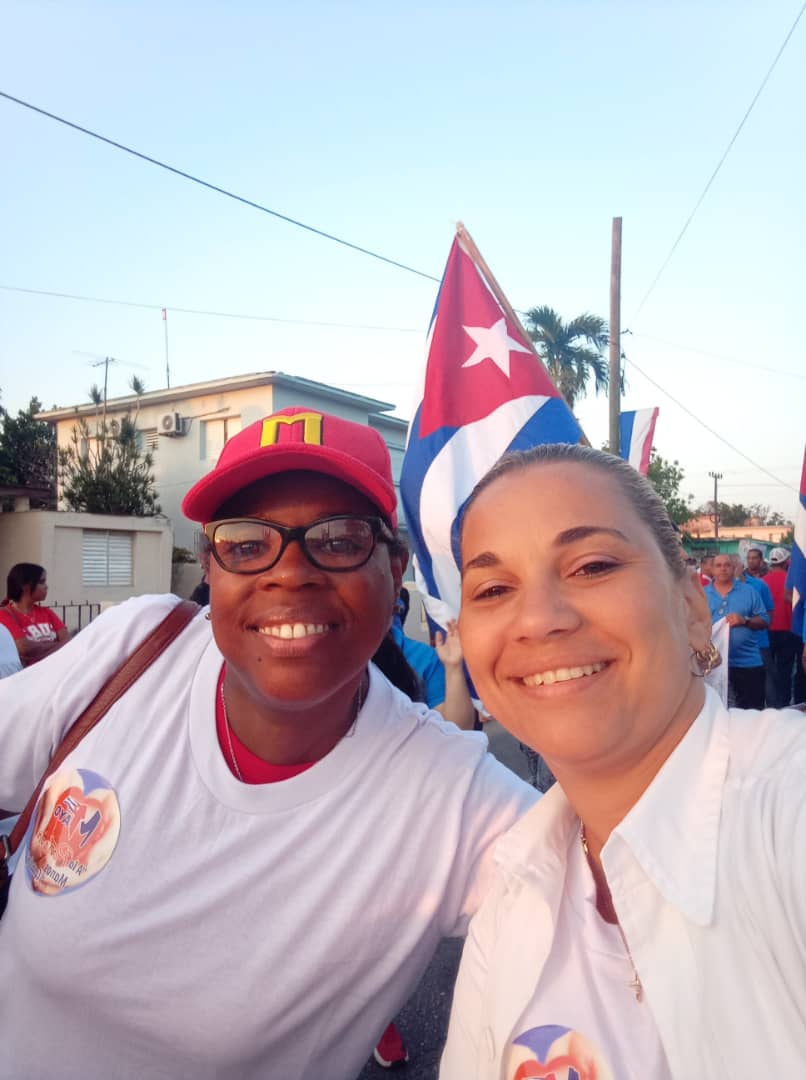 JoseHer23226753's tweet photo. Y llenamos nuestras calles y avenidas!!
#Matanzas
#MatanzasSeMultiplica 
#CubaViveEnSuHistoria 
#CubaViveyVence 
@SuselyMorfaG 
@mariofsabines 
@WongCorrales 
@DpsMatanzas https://t.co/bDAGAJybR9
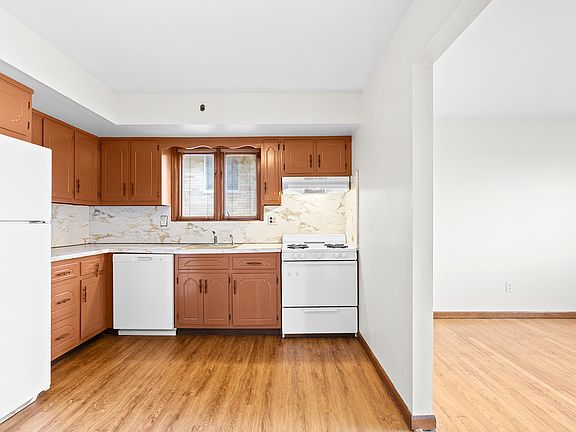 4th image of 325 E Brinkerhoff Ave Floor 2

::::

ASSIGNED TASK ▸
The listing above must be retyped word for word, without the pictures.

OUTPUT BELOW ▸
 JoseHer23226753's tweet photo. Y llenamos nuestras calles y avenidas!!
#Matanzas
#MatanzasSeMultiplica 
#CubaViveEnSuHistoria 
#CubaViveyVence 
@SuselyMorfaG 
@mariofsabines 
@WongCorrales 
@DpsMatanzas https://t.co/bDAGAJybR9
 4th image of 325 E Brinkerhoff Ave Floor 2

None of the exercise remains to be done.